= Anecdote of Men by the Thousand =

Poem by Wallace Stevens

"Anecdote of Men by the Thousand" is a poem from Wallace Stevens's first book of poetry, Harmonium (1923). It was first published prior to 1923 and is therefore in the public domain, according to Librivox.

 The soul, he said, is composed
 Of the external world.

There are men of the East, he said,
Who are the East.
There are men of a province
Who are that province.
There are men of a valley
Who are that valley.

There are men whose words
Are as natural sounds
Of their places
As the cackle of toucans
In the place of toucans.

The mandoline is the instrument
Of a place.

Are there mandolines of western mountains?
Are there mandolines of northern moonlight?

The dress of a woman of Lhassa,
In its place,
Is an invisible element of that place
Made visible.

==Interpretation==
Stevens recognized that his poems were a visible expression of (an invisible element of) his North American place.
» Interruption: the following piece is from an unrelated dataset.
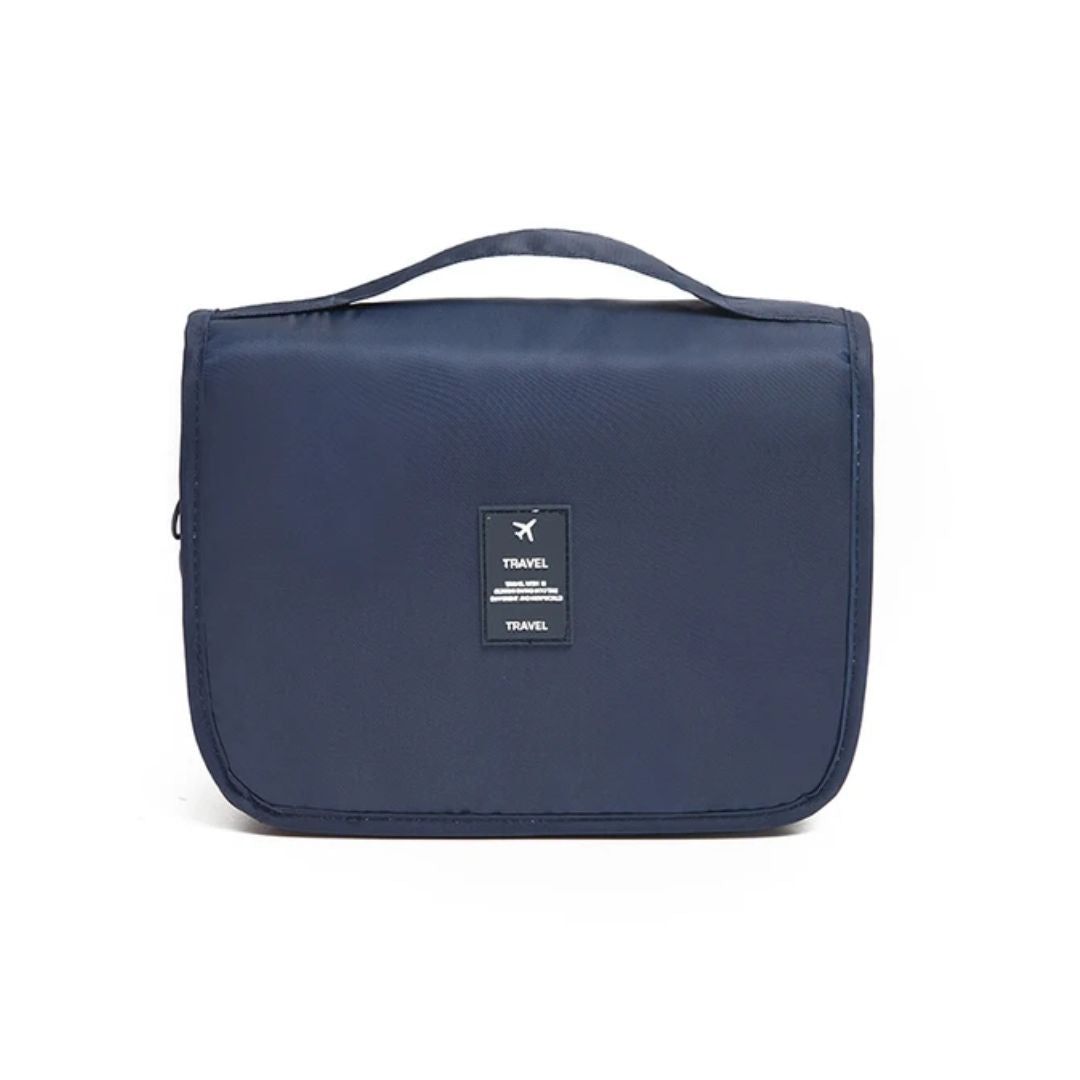 trousse de toilette suspendue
This would remain true even if the poet were to succeed in overcoming locality, as Crispin attempts to do in "The Comedian as the Letter C". The opening stanza is a dramatic statement about the soul's being composed of the external world, an idea approached philosophically by American philosophers like Charles Sanders Peirce. Compare Theory.

The next lines in the poem are anticipatory assertions, and then two leading questions, and finally a blossoming of the poem's idea in the image of a woman of Lhassa. That interpretation overlooks that the "idea" is expressed as reported speech, however, and fails to identify who "he" is (it is naively assumed to be the poet).